Return the line containing "ASUS Vivobook 17" together with every later line up to the end of the records, exactly and with no pictures; return nothing else.

[Items from a data source]
————

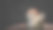 特写镜头的冰淇淋勺子与焦糖酱隔离在黑色背景图片下载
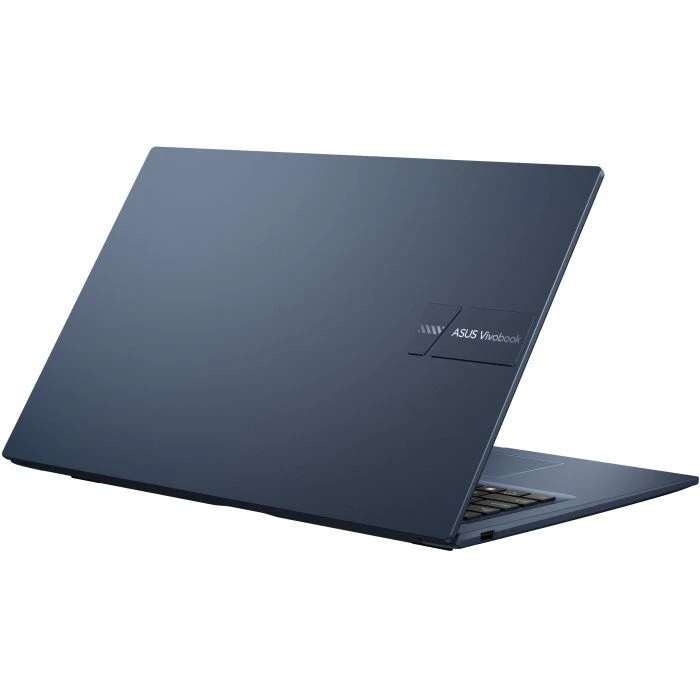 ASUS Vivobook 17 X1704VA-AU755 (90NB10V2-M00V30) (UA)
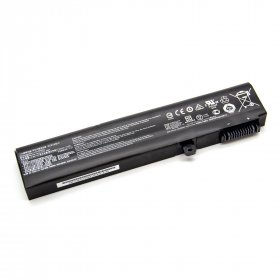 MSI GL63 8RCS-067 premium accu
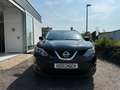 Nissan Qashqai QASHQAI DIG-T Mild-Hybrid 4x2 *360°Kamera* Schwarz - thumbnail 2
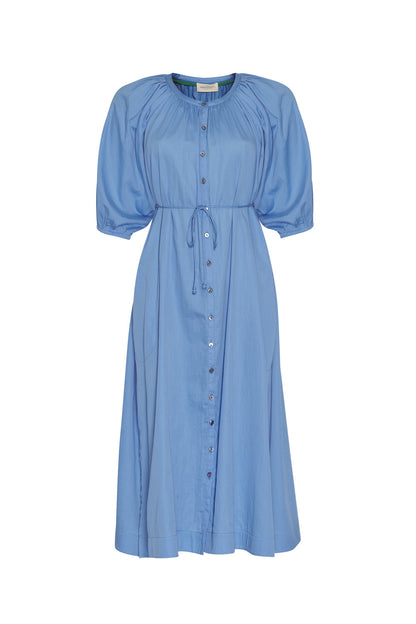 Wistful Dress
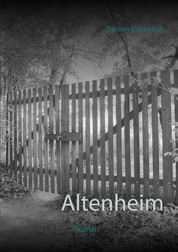 Altenheim - Roman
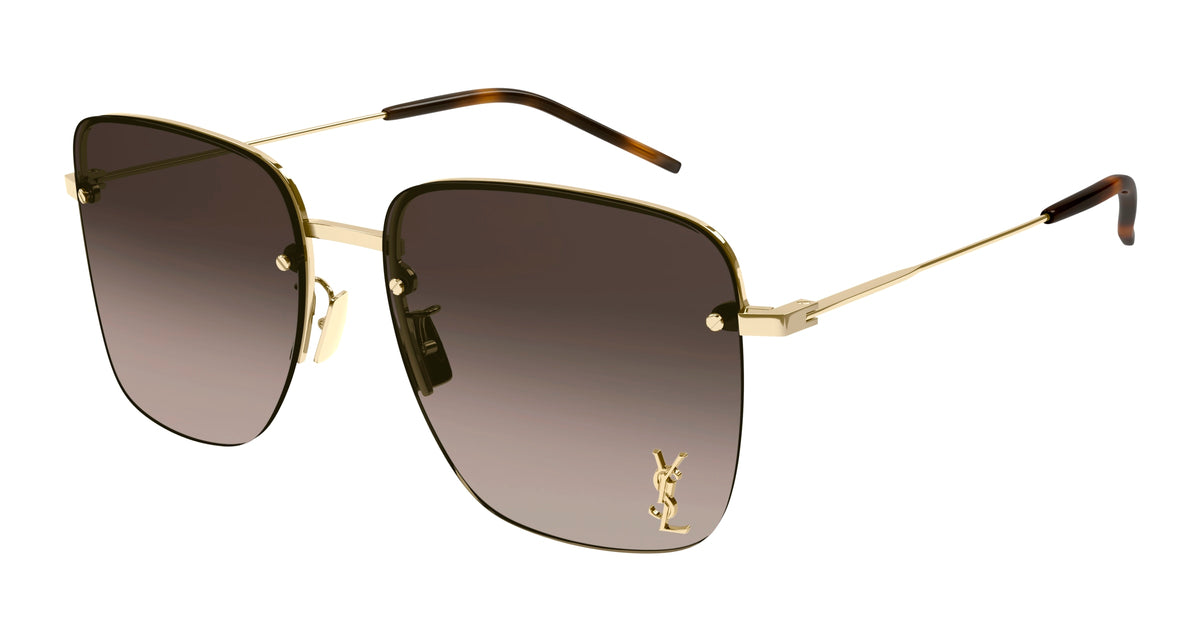 SAINT LAURENT SL 312 M 008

————

◆ Response to the task:
 ASUS Vivobook 17 X1704VA-AU755 (90NB10V2-M00V30) (UA)
 MSI GL63 8RCS-067 premium accu
 Nissan Qashqai QASHQAI DIG-T Mild-Hybrid 4x2 *360°Kamera* Schwarz - thumbnail 2
 Wistful Dress
 Altenheim - Roman
 SAINT LAURENT SL 312 M 008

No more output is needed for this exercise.